NB vs LR vs LDA — a senior cheat sheet
| Aspect | Naive Bayes | Logistic regression | LDA |
|---|---|---|---|
| Family | Generative | Discriminative | Generative |
| Parameters | O(d · K) | O(d · K) | O(d² + d · K) (shared covariance) |
| Key assumption | Features cond. independent given y | Log-odds linear in x | Class-conditional Gaussians, shared covariance |
| Asymptotic error | Higher (assumption forces worse fit) | Lower | When the Gaussian-shared-covariance assumption holds exactly, LDA is asymptotically MORE efficient than LR (lower asymptotic error). The decision boundary is linear for both, but LDA's stronger generative assumption — when correct — gives better parameter efficiency. When the assumption is wrong, LR is more robust. |
| Small-n behavior | Best — strong bias, low variance | Worst — needs samples to fit | Middle — fewer params than LR when d small |
| Probability calibration | Bad (overconfident) | Good when assumption holds | Good when Gaussian assumption holds |
| Anomaly detection | Yes (via P(x | y)) | No | Yes (via Mahalanobis dist.) |
| Interpretability | Per-feature class weights are immediate | Coefficients are log-odds | Discriminant axes are interpretable |
When to pick which, in practice
| Pick generative (NB, LDA, GMM) when… | Pick discriminative (LR, GBDT, NN) when… |
|---|---|
| n is very small and you cannot collect more. | n is moderate or large. |
| You have a domain story about the data-generating process and want to encode it as a prior. | You don't trust any assumption you'd make about P(x). |
| You need to detect anomalies — points unlikely under all classes. | You only care about ranking or classification accuracy. |
| You want to generate synthetic data (resample P(x | y)). | You have unlabeled covariates whose distribution you don't want to model. |
| You want a 5-minute baseline. | You're optimizing the last 1% of a deployed system. |
Interview prompts you should be ready for
- "Why is naive Bayes called 'naive'?" (The independence assumption: P(x | y) = Π_j P(x_j | y).
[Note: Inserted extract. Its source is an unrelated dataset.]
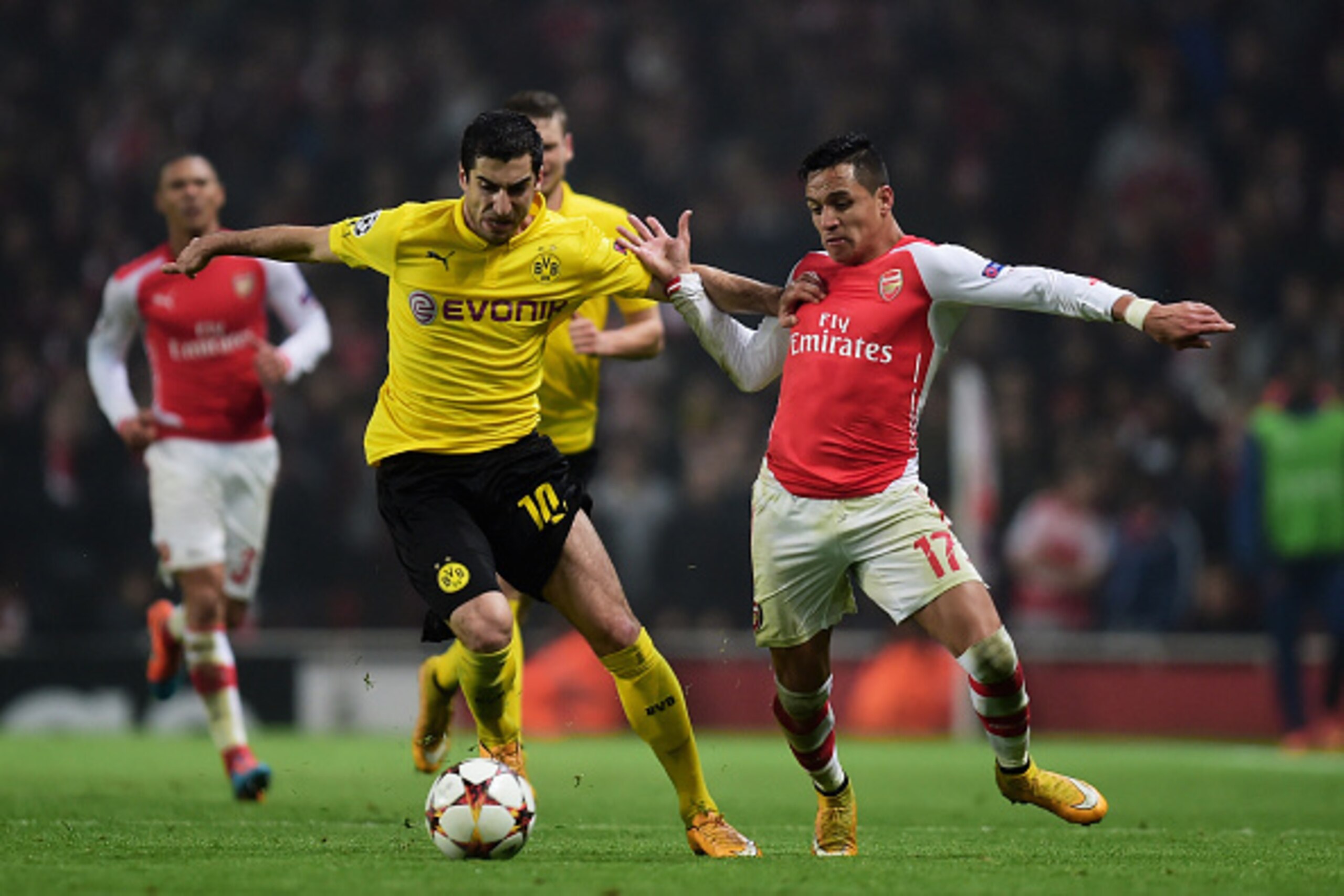 LONDON, ENGLAND - NOVEMBER 26: Henrikh Mkhitaryan of Borussia Dortmund and Alexis Sanchez of Arsenal battle for the ball during the UEFA Champions League Group D match between Arsenal and Borussia Dortmund at the Emirates Stadium on November 26, 2014 in LONDON, ENGLAND - NOVEMBER 26: Henrikh Mkhitaryan of Borussia Dortmund and Alexis Sanchez of Arsenal battle for the ball during the UEFA Champions League Group D match between Arsenal and Borussia Dortmund at the Emirates Stadium on November 26, 2014 in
Features in real data are essentially never independent. It's naive about the joint distribution.)
- "Why does NB sometimes outperform logistic regression on the same dataset?" (Strong inductive bias → low variance → wins when n is small even though it has higher asymptotic error. Cite Ng-Jordan crossover.)
- "Walk me through the Ng-Jordan result." (Generative models converge to asymptotic error faster — roughly O(log d) samples vs O(d) for LR — but the asymptotic error itself is higher for NB because of the independence assumption. Crossover at small-to-moderate n.)
- "Your NB classifier outputs P(class) = 0 for some inputs. What's happening?" (A feature value unseen in training for that class is giving P̂ = 0, which zeroes out the entire product. Fix: Laplace/additive smoothing — add α to every count, equivalent to a Dirichlet prior MAP estimate.)
- "Why are NB probabilities miscalibrated, and what do you do about it?" (Multiplying many small probabilities pushes the normalized posterior toward 0/1 → overconfident. Fix: Platt scaling or isotonic regression on a held-out set if downstream consumers need calibrated probabilities.)
- "When would you pick NB over GBDT in 2026?" (Tiny n, very high d sparse features like raw text, need-something-in-an-hour baseline, streaming setting where online updates are trivial, or you genuinely care about P(x | y) for anomaly detection. Otherwise GBDT.)